Mother Teresa's convent, the Missionaries of Charity, is located in the southern part (but felt like the financial centre) of the city now called Kolkata. Jhoanne and I got down on AJC Bose Road and entered a narrow alley; we then entered a recess in the wall and ended up at the convent.

The first floor is where Mother Teresa's tomb is found. I thought that this was the end of our pilgrimage; instead, it turned out to be the beginning of a contemplative evening (at least for me). We were met by nuns who hurried us towards the tomb because we arrived as the convent was closing its doors to visitors. At Mother Teresa's tomb, we encountered a woman who kept wiping and kissing the marble surface of the tomb. She didn't speak; maybe she was in a period of silence. Even though I'm from the Philippines, where the biggest population of Roman Catholics is in Southeast Asia, I'm not used to seeing someone so dedicated to a specific task for someone's tomb.
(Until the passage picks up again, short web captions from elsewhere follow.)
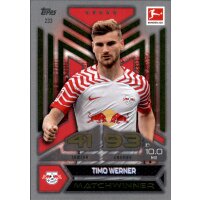 233 - Timo Werner - Matchwinner - 2023/2024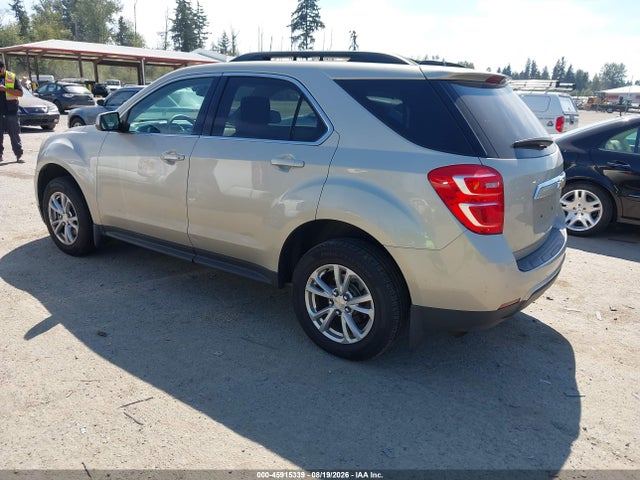 Chevrolet EQUINOX LT 2016 2GNALCEK2G1163794 Image 3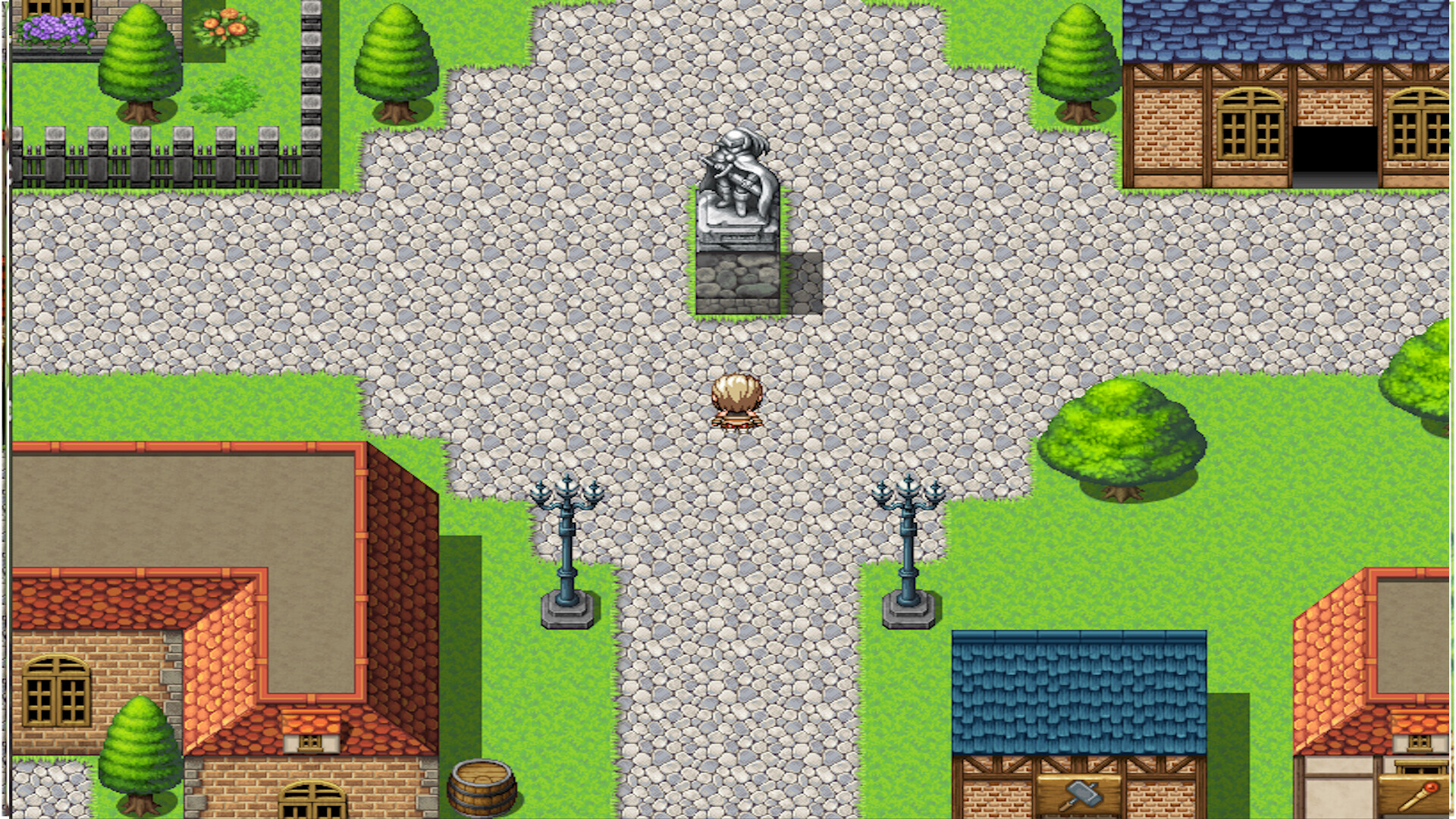 Hero's Quest: Lost Memories screenshot 5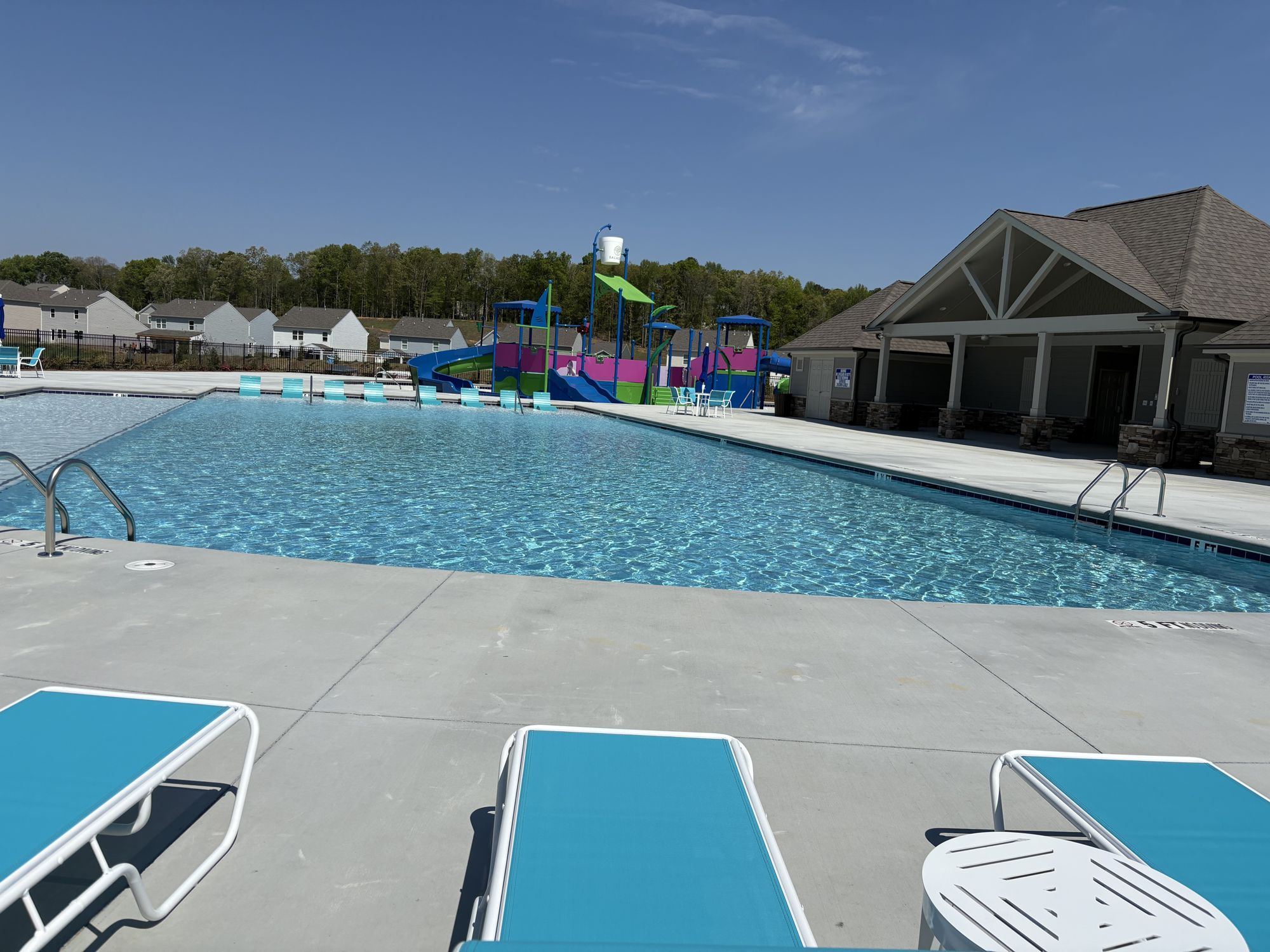 Salacoa pool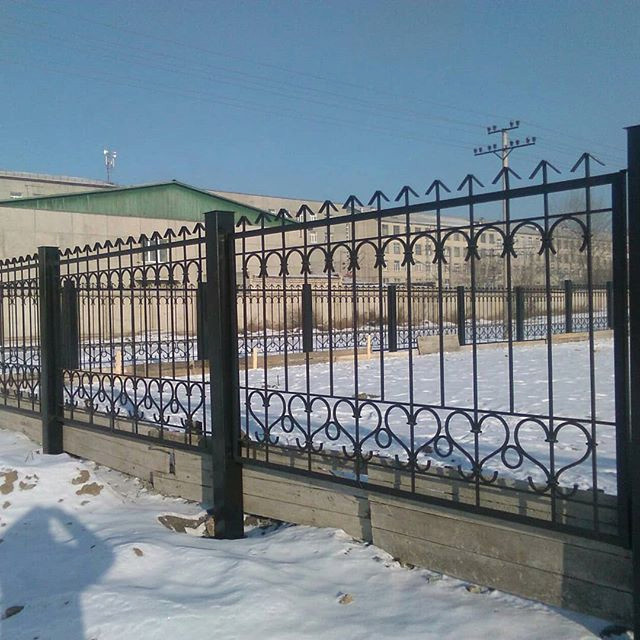 Художественная ковка в интерьере вашего дома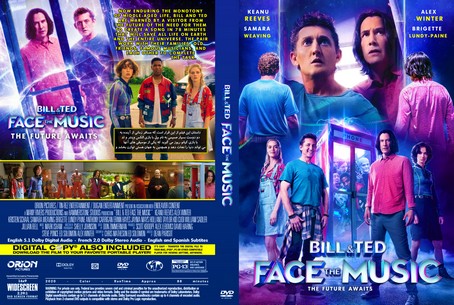 Bill and Ted Face the Music
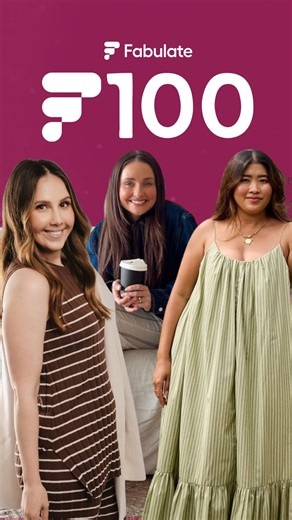 Fabulate on Instagram: "These are the Top 10 creators brands kept coming back to in 2025. 👏 We pulled the data, you get the insight. Explore the full Fab 100 via the link in our bio 🕺 #fab100"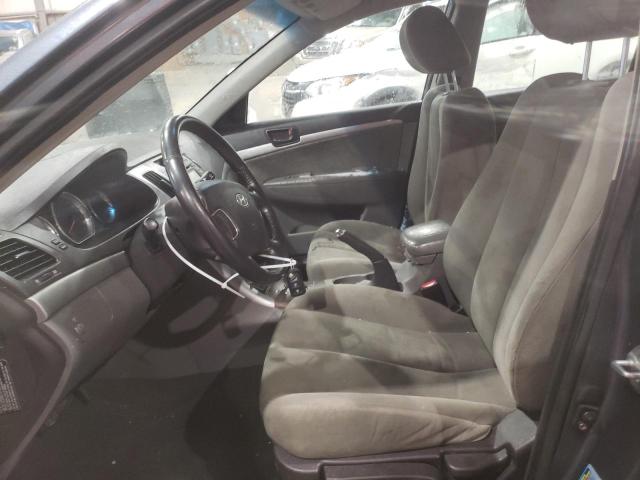 Photo 7 from auction – 2010 HYUNDAI SONATA GLS with VIN 5NPET4AC4AH654792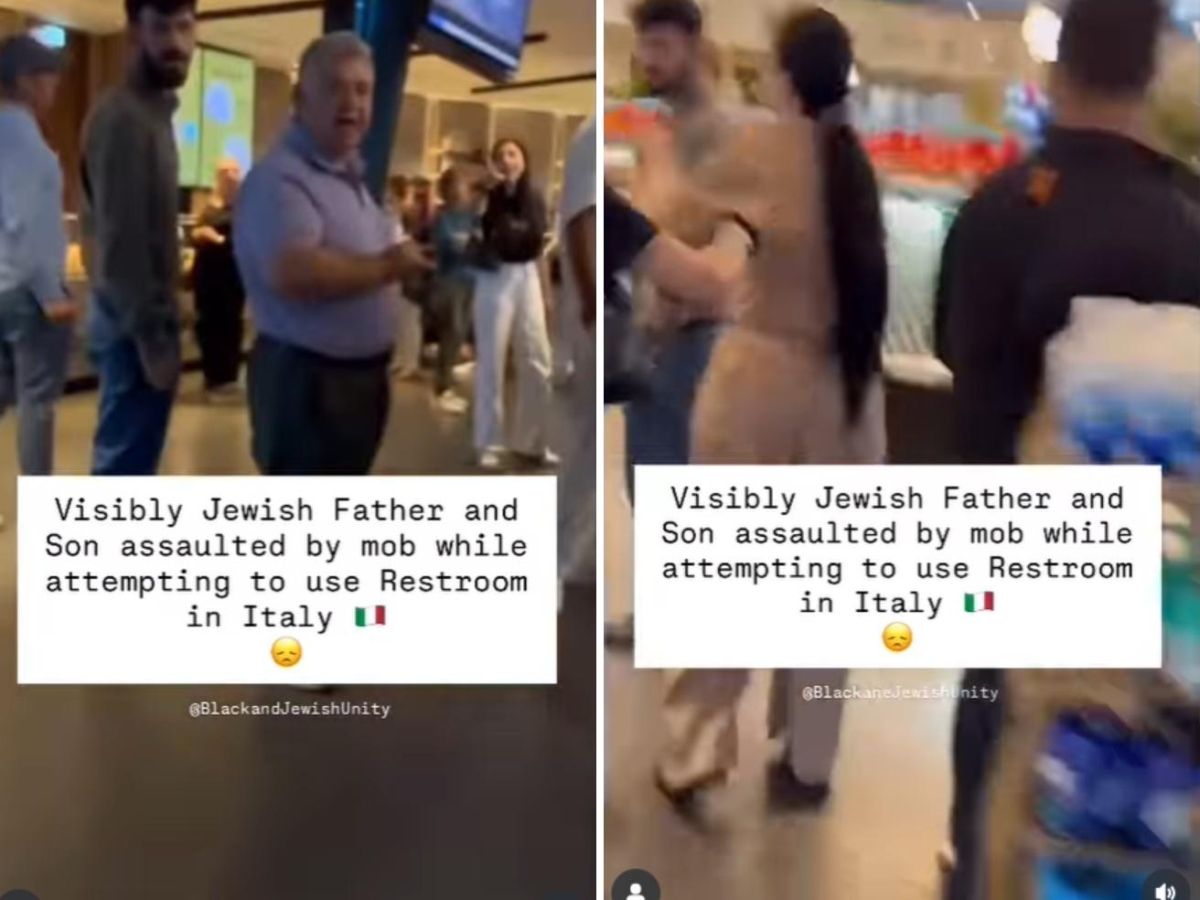Lainate, famiglia di ebrei francesi aggredita e insultata in un'area di sosta sulla Milano-Laghi. «Qua non siamo a Gaza, assassini»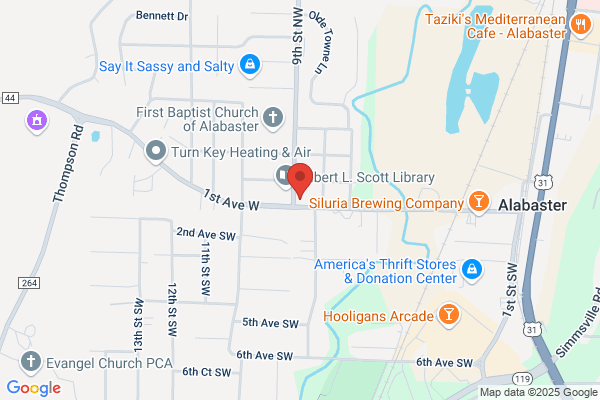 Fire Departments, Alabaster, Other Business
It's as if the dead's been newly laid to rest there. It was a disturbing scene for me because Mother Teresa's been dead for 20 years already. However, who was I to ask how someone manifests his/her faith, right?

After visiting the tomb, we were encouraged to visit the vigil that was happening upstairs. Since the Motherhouse is a convent, and my experience of being in one involved collecting my sister's effects from the dormitory (only women were allowed in) at Assumption College, I was surprised to see that men were allowed to participate in the vigil. The laypersons who were also present at vigil must be volunteers; those who tended the sick and the dying along with the nuns. A few minutes in, Jhoanne and I proceeded to leave the convent because we still had to go to a dinner sponsored by Bhojohori Manna, a famous restaurant in the state of West Bengal.

On the ride back to our hotel, the Swiss Hotel Kolkata, I was digesting what I saw. I felt that the  laypersons at the convent were those who were seeking some form of catharsis or those who wanted to be part of something bigger than themselves... after all, they traveled all the way to India even if they could as easily volunteer to help the destitute in their own countries. It was here, particularly in Kolkata, where what they were looking for probably was (or felt tangible). 

It was an emotionally charged experience because it's difficult to feel unmoved after seeing poverty on the streets in this city and then these people trying to do something for the poor, particularly for the untouchables.

Saturday, July 22, 2017

British vibes in Kolkata

It's my first time in Kolkata and Arindam organised a field trip for me and Jhoanne. This city used to be the capital of the British Empire in India, if my memory of Asian history lessons isn't failing me. But it is also widely known as Mother Teresa's territory; her Missionaries of Charity is in the heart of Kolkata, working closely with the poor and the sick... images of poverty in this part of the world has stuck in my head so it's such a surprise to hear again about the British cultural heritage.

Our driver brought us around the city and let us visit the Queen Victoria Memorial (built after Her Royal Highness died) and the St John's Church (the third oldest church in the city). The architecture of the Queen Victoria Memorial is breathtaking. I felt like I wasn't in India, but rather in a European city. On the other hand, St John's reminded me of the churches and the old buildings in Australia. These weren't Roman Catholic churches; hence, the aesthetics didn't include influences from the religion I belong to. Instead, I thought that it reminded me more of the Anglican church I visited in one of my long walks in Brisbane. 

Peppered in the city's older districts are red buildings. I thought it strange that after the aesthetic elegance of the white and taupe structures, we'd come face to face with red buildings. The driver told us that these red buildings used to be government offices during the British colonial period.  I couldn't understand why the British upper lip did not translate to understated and elegant colour choices... instead, they went for one of the most vibrant of all: red.